Вольность нравов наблюдается повсеместная, даже на самых важных и парадно-академических газонах — хоть рядом с Зимним дворцом, хоть на Марсовом поле валяются в одиночку, парочками или небольшими компаниями молодые люди, часто полуголые, иногда друг на друге (одетые). Впрочем, и выхода-то особого не было: погода на нынешние белые ночи целиком опровергала представление о Питере как о хмуром дождливом городе. Солнце шпарило, как на курорте, температура зашкаливала за 30. Облаками летал тополиный пух, цвела сирень (это в конце июня!), а берега Невы устилали загорающие тела. В воду, правда, никто даже по пояс заходить не решался — вода в реке и каналах давно и безнадежно отравлена. Многочисленные рыбаки, день-деньской маячащие со спиннингами прямо на старинных мостах, занимаются этим скорее из спортивного интереса — рыбу из этой воды есть нельзя (удивительно, что она там еще водится).

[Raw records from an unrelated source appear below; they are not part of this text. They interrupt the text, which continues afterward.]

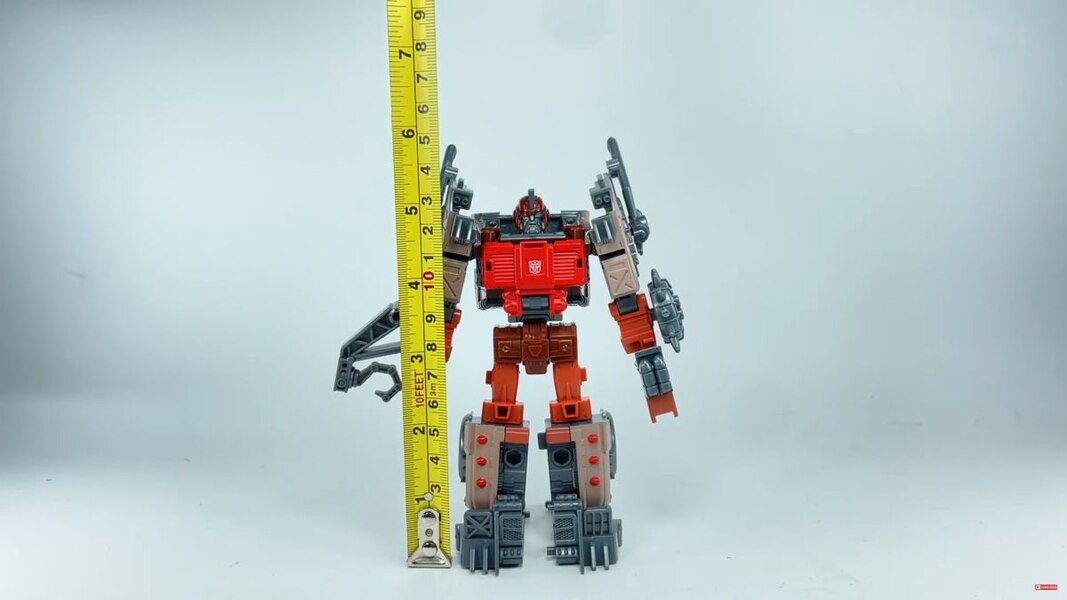 In Hand Image Of Transformers Legacy Evolution Scraphook  (29 of 29)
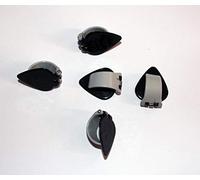 Black Mountain Juego de 3 púas para pulgar, tamaño mediano 0,7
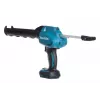 Makita DCG180Z stienis līmei un silikonam 18V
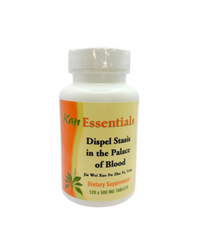 Kan Herbs - Essentials - Dispel Stasis in the Palace of Blood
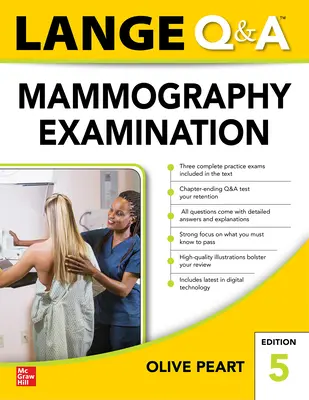 Lange Q&a: Mammographie-Untersuchung, Fünfte Ausgabe - Lange Q&a: Mammography Examination, Fifth Edition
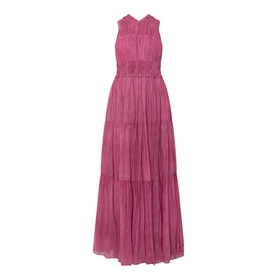 Freesia Twisted Back Gown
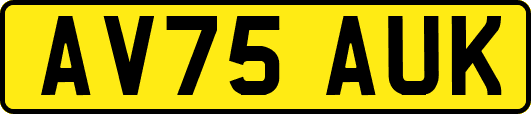 AV75AUK
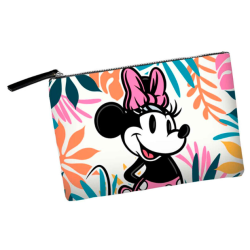 DISNEY - Trousse de toilette Minnie Mouse - 22,5 x 30,5 x 2 cm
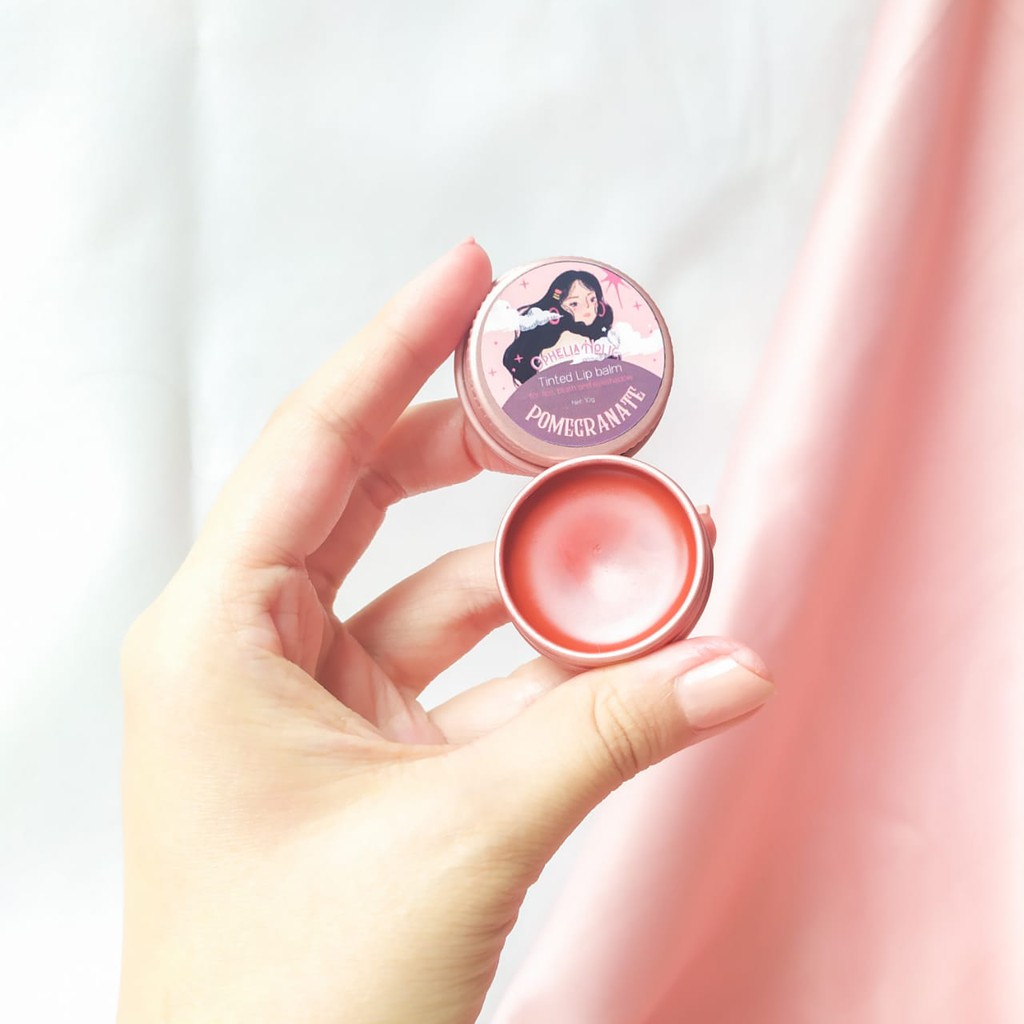 Tinted Lip Balm by Ophelia Holic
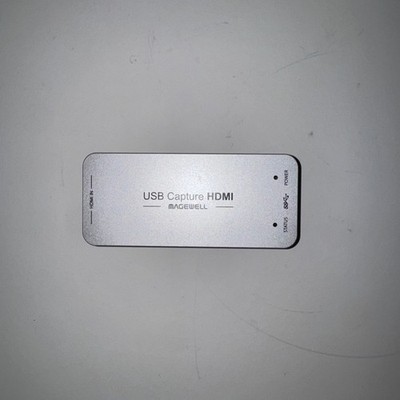 Magewell 32060 USB Capture HDMI Gen 2 USB 3.0 Video Capture Dongle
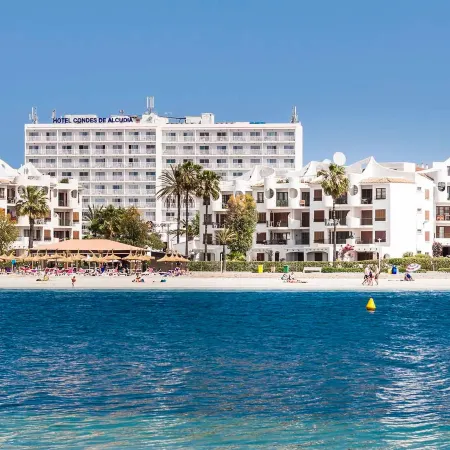 Globales Condes de Alcudia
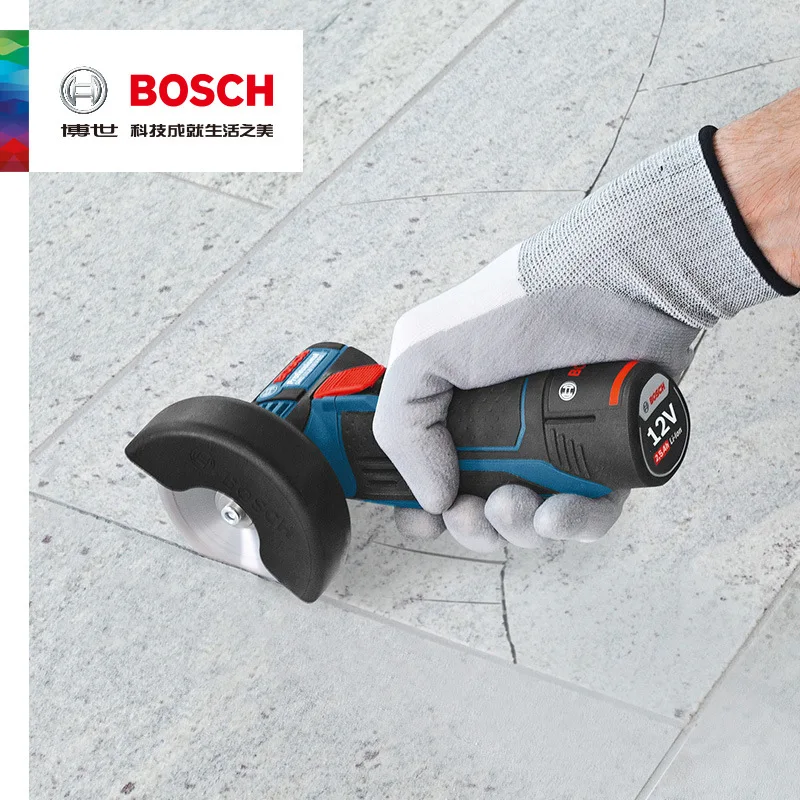 Meuleuse d'angle sans fil Bosc - Power Tools Professional avis et prix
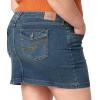 imageLevi Strauss Signature Gold Womens True Skirt Available in PlusNew Galaxy Glow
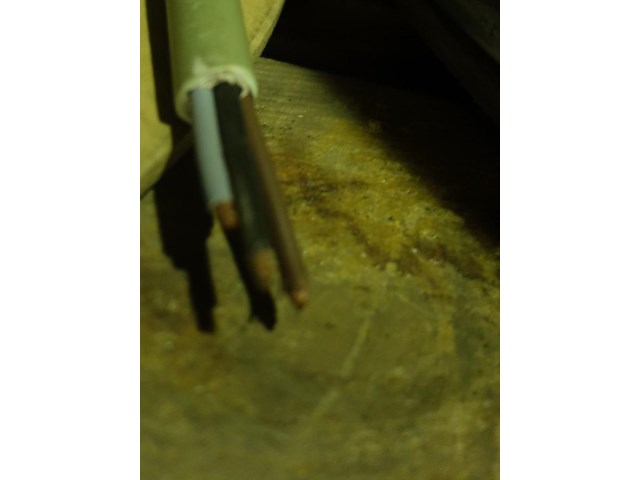 4x kabel op rol - afbeelding 8 van  14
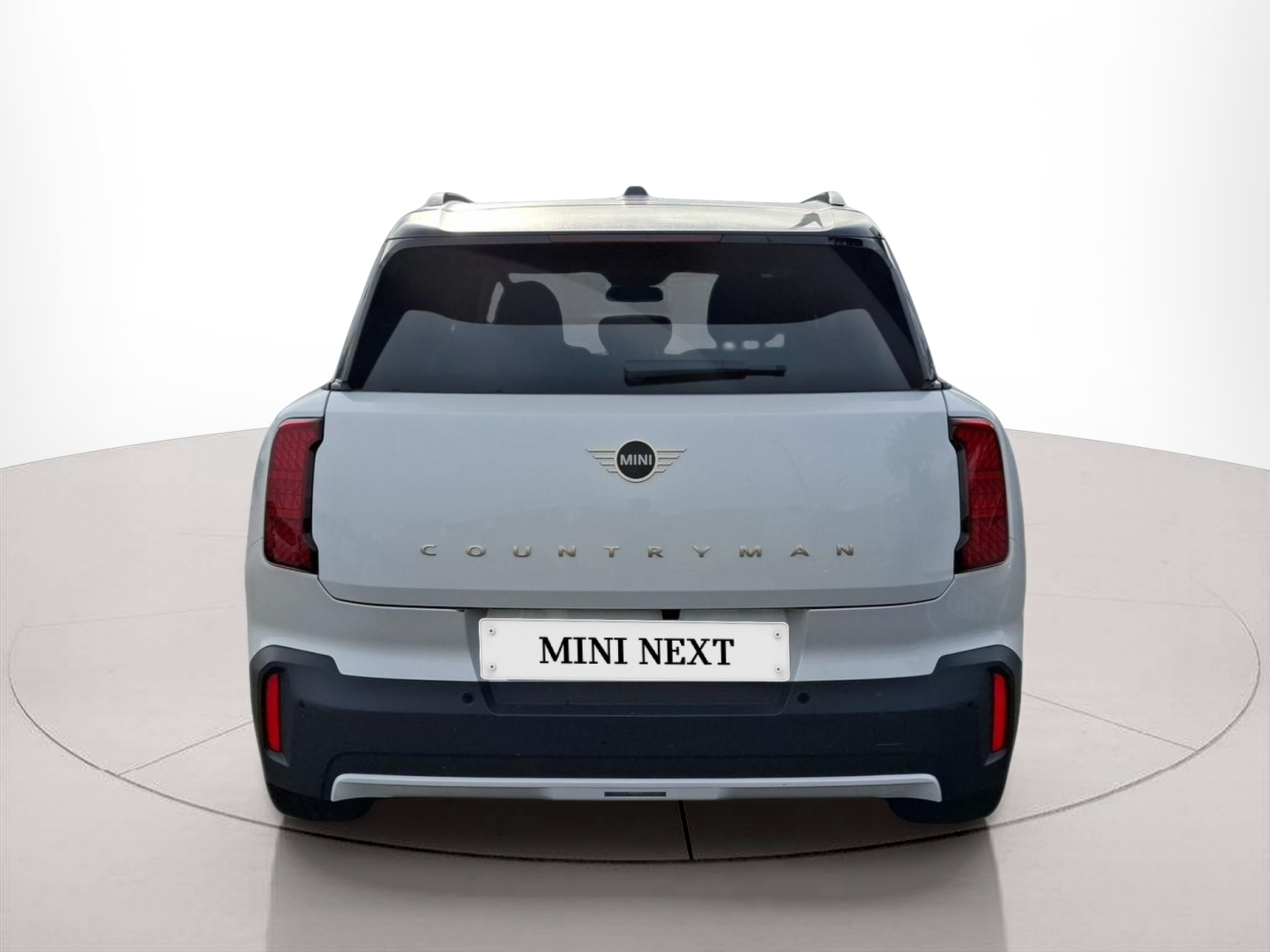 fotoG 8 del MINI MINI Countryman D 120 kW (163 CV) 163cv Diesel de 2025 em Vila Nova de Gaia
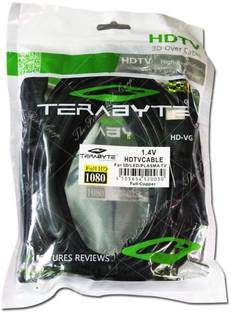 Terabyte TV-out Cable 5 Meter HDMI Cable
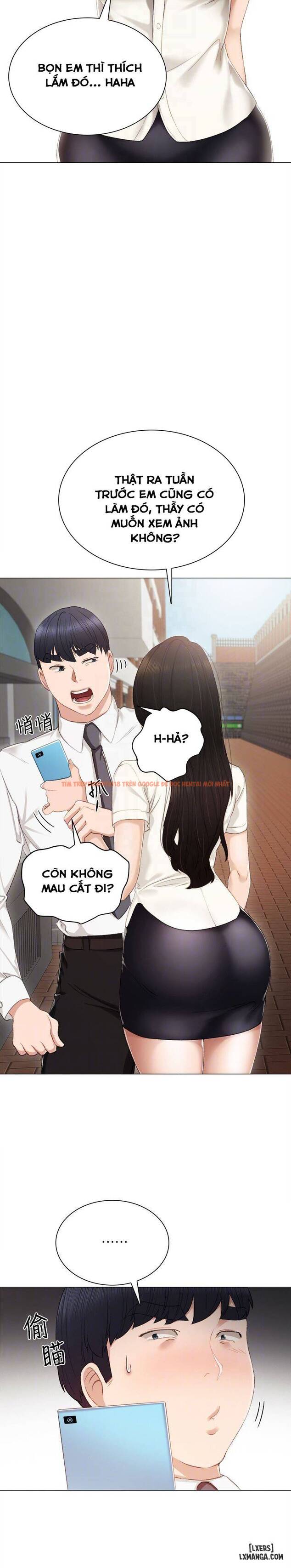 Trang truyện 36 trong truyện tranh Thầy Giáo Thực Tập - Chapter 24 - hentai24h.pro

Что же до нищенства, то здесь ему также пытаются придать некоторую элегантность. Традиционный сбор подаяния на приют для животных приобрел просто неописуемые формы. На Невском прямо у троллейбусной остановки под табличкой «Нас бросили хозяева» привязаны несколько чистопородных собак: немецкие овчарки, бульдог и настоящая борзая. Все выглядят очень несчастными. Неподалеку другая тетка собирает копейки с помощью клетки, набитой котятами — не продает, а именно собирает. К счастью, встречается и другое отношение. В Питерском зоопарке можно взять под свою опеку понравившегося вам зверя и присматривать за ним, кормить-поить, и тогда на клетке с питомцем появится почетная «опекунская» табличка с вашим именем. Животным даже уже начинают ставить памятники: перегнувшись с парапета Фонтанки, можно увидеть небольшое изваяние Чижика-Пыжика, а на Малой Садовой улице, превращенной в пешеходную зону, на уровне второго этажа красуется памятник безымянной кошке, весьма правдивая статуэтка. Справедливости ради следует отметить, что петербургские коты как-то по-особому вальяжны и величавы, и это тоже петербургская традиция. Они никогда не торопятся, лежат этакими сфинксами на тротуарах и не ходят, а именно шествуют. Они, конечно, истинные хозяева города.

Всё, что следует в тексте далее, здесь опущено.